There is boldness in that choice. It’s too much to call Manchester by the Sea subversive, but the heart of storytelling, particularly in quiet character dramas like this one, is change. It’s the old story circle again – a character is called to adventure, has an experience, and comes back changed. Manchester uses that structure, but subverts it. It shows Lee on the cusp of recovering, on the cusp of making a breakthrough, coming ever so close to having that change and epiphany and recommitment to a new life, and then faltering in the face of inescapable reminders of what he was running from in the first place.
It is, in that way, one of the truest testaments to grief imaginable. There are some things in life that cannot be outrun or overcome. It is not a heartening notion, but it is true to live, and Manchester by the Sea examines it with conviction, empathy, and grace.
It would be easy for Lee to be the bad guy, for Patty to be a brat or the piteous kid who lost his father, for the community of Manchester to come together to raise them both up. Instead, there is complexity in the film’s DNA, to where Lee is equal parts unreachable and understandable, Patty experiences genuine pain and difficulty but also reads as a genuine teenager with all the rough edges that come with, and the people of Manchester help the Chandlers as best they can, but help them with well-warranted reservations as well.
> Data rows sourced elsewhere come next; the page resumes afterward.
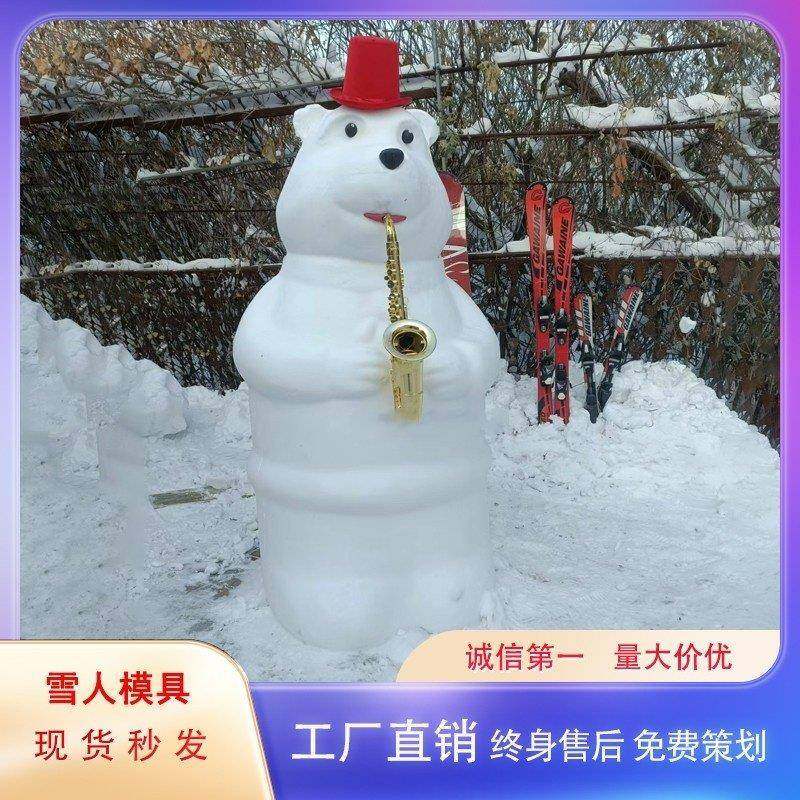 2025冬季具雪地外型堆雪人模1米1.00025米2米新款玻璃钢户雪人大,商业/办公家具,景观道具/景观摆件/景观装置,淘宝优惠券,粉丝福利购,淘宝优惠卷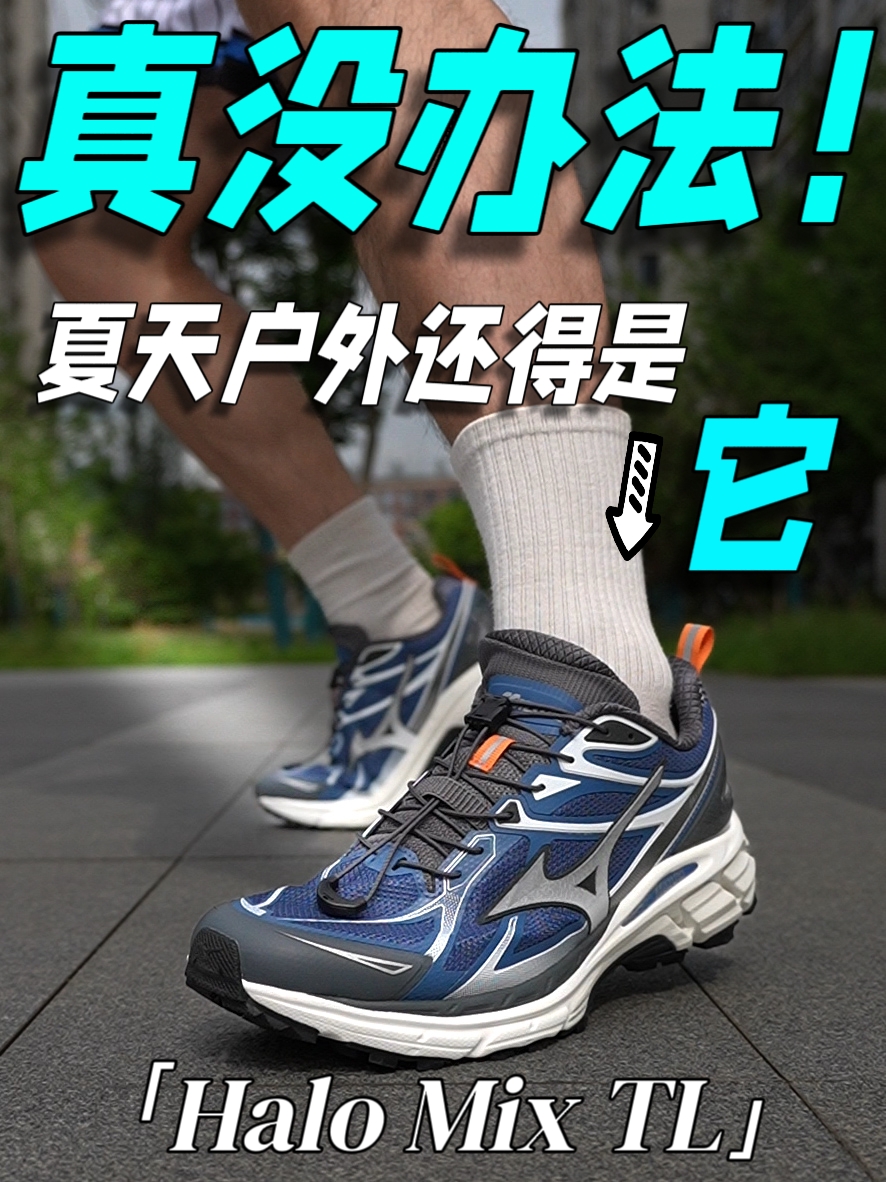 真没办法！这个夏天我还是得穿它！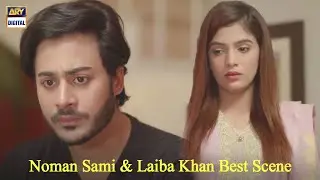 | ARY Digital Drama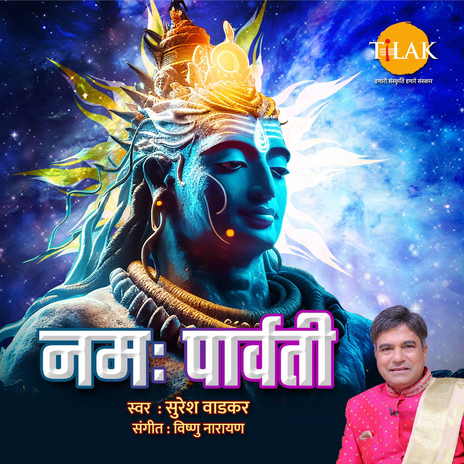 Namah Parvati ft. Suresh Wadkar | Boomplay Music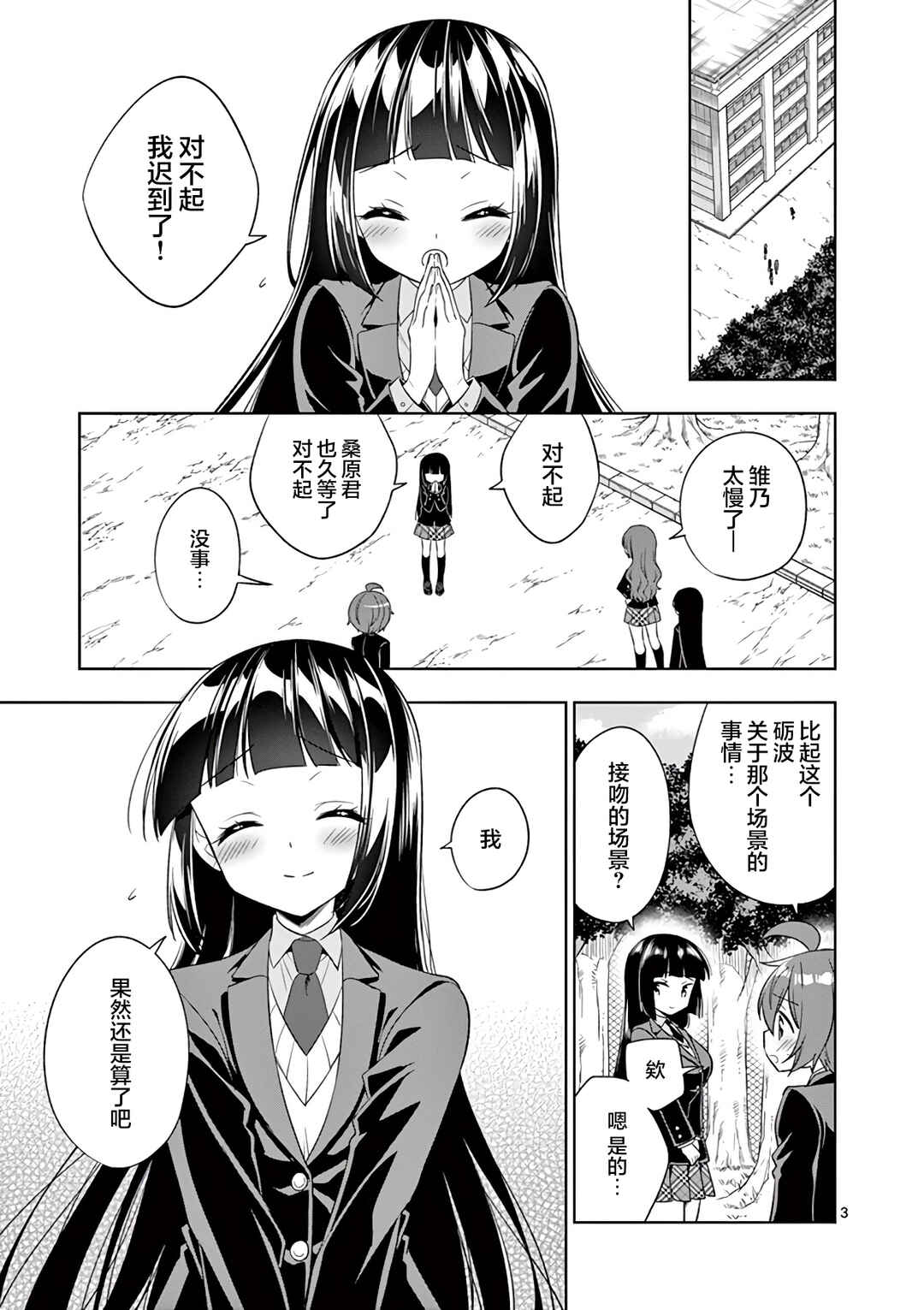 Onee Chan wa Koi Youkai Chapter 85 - Page 3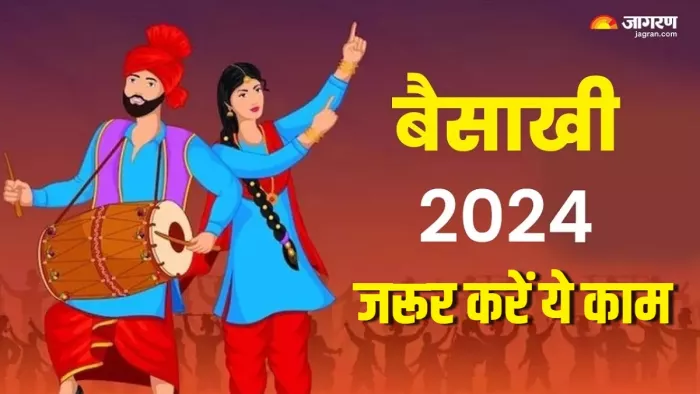 Baisakhi 2024 बैसाखी पर जरूर करें ये काम।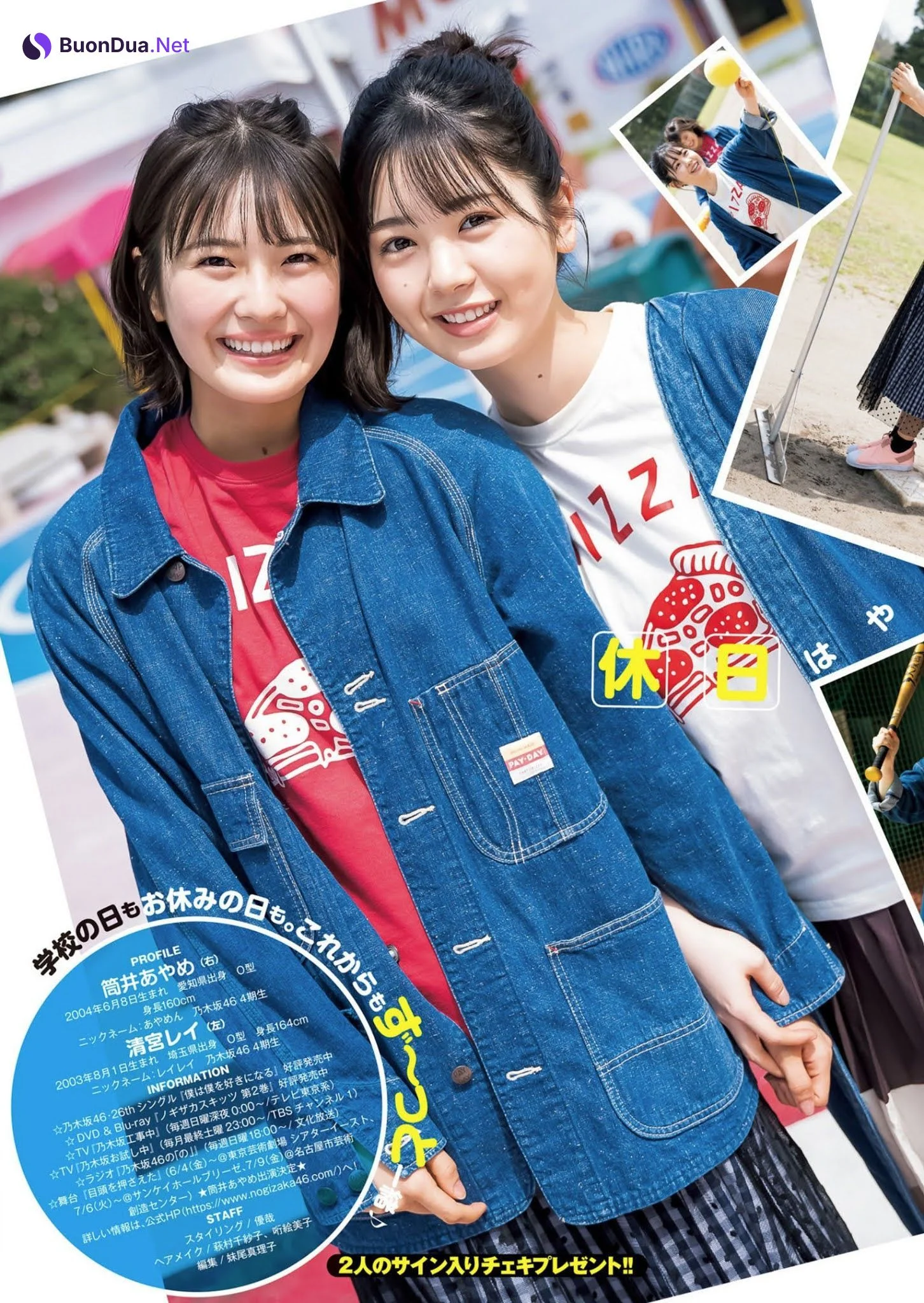 Rei Seimiya 清宮レイ, Ayame Tsutsui 筒井あやめ, Young Jump 2021 No.24 (ヤングジャンプ 2021年24号) - Photo 5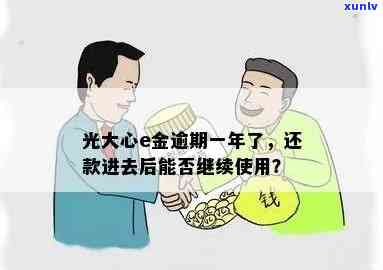 光大心e金逾期后还款还能继续采用吗？违约金能申请免除吗？逾期结果严重！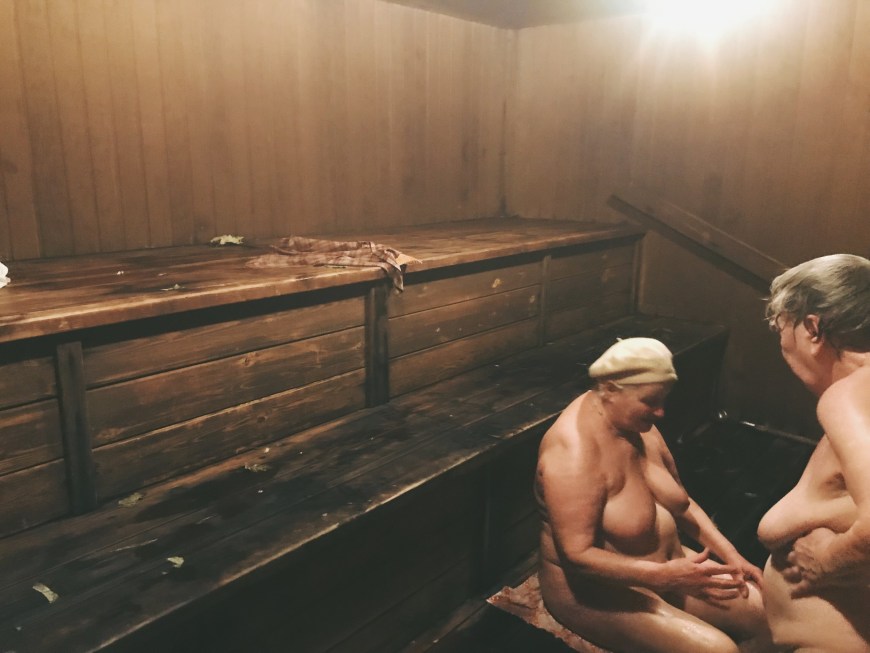 Женская общественная баня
And it posits that recovery, even when necessary to take care of others you love, may simply not be possible.
And yet, for all that the film has been decried or championed for its depressing qualities, it ends on a note of measured and earned hope. Lee is not ready to be a father again, to be back in the place where his children died again, even for Patty. But he is ready to open his life again, just a little bit. His new apartment will have an extra room so that his nephew can come visit and stay. We see him out on that boat, on the water once more, symbolizing the times when he could be happy and his old self, and it’s a sign that he is not better, but that for the first time in a long time, there’s room in his life for something better.
Lee may never recover from this, may never become the person he was or even a person who a stranger could stand to have a conversation with for a half an hour. But he is, it seems, ready to become more, to open himself up to the last person in this world that he cares about. Manchester by the Sea ends on a note of hope. That hope is measured, balanced out by the cloud of grief that Lee will likely never fully escape, but it is a sign that even amid the harshest of losses, the ones that take away everything, there are people who give us something to hang onto, something to live for, something that makes us just a little bit more who we were before.